I don’t find God in church.

There was a time when I never went to mass at all. It wasn’t doing anything for me, except for filling me with rage & anger. Then there was a time when I went to mass daily. I have to do what works for me when it works for me. I can’t go to mass if I’m not feeling inspired to do so. Mass is a piece of the puzzle that makes up my faith life; it’s not the be all end all.

I struggle with modesty.

 It was a long standing debate between friends and me whether I was dressing modestly. In the end we decided that it was best to agree to disagree. I find wearing a dress to be incredibly uncomfortable, in fact I didn’t own anything that wasn’t pants for a long time. I don’t understand the obsession that modesty automatically means dress & immodest equals wearing a tank top.
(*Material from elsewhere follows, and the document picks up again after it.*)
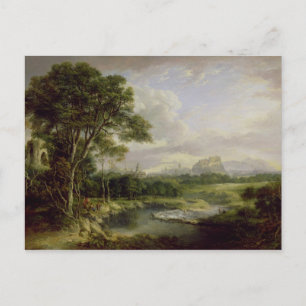 Carte Postale View of the City of Edimbourg, c.1822 (oil on canv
In wind a dress can blow & expose everything, pants don’t move. Tank tops are more complicated so let’s just leave it at I like to have all my bits and pieces covered.

The Church (or rather churches) isn’t accessible.

It’s true that it’s not accessible for people intellectually but that’s not the type of access I’m talking about here, although all types of access shouldn’t be ignored. Many people with disabilities can’t even get into a church to celebrate mass. It’s true that many churches have a handicapped row at the front of the church and it does provide a great deal of access for those who choose to use it. I however find a downside to it. I jokingly call it the “crippled and lame” section. Everyone wants to feel a part of the community. Putting people upfront, because it’s the only place there’s space, can make them feel like objects on display instead of being part of something. There’s also the issue of ramps & elevators…..

The pro-life movement.

I consider myself to be pro-life personally but on a global stage pro-choice. I think the pro-life movement overshadows many of the other issues the Church should also be taking a stand on. I also feel like there’s a piece of the pro-life puzzle that’s missing. We shouldn’t be ignoring other issues for the sake of one.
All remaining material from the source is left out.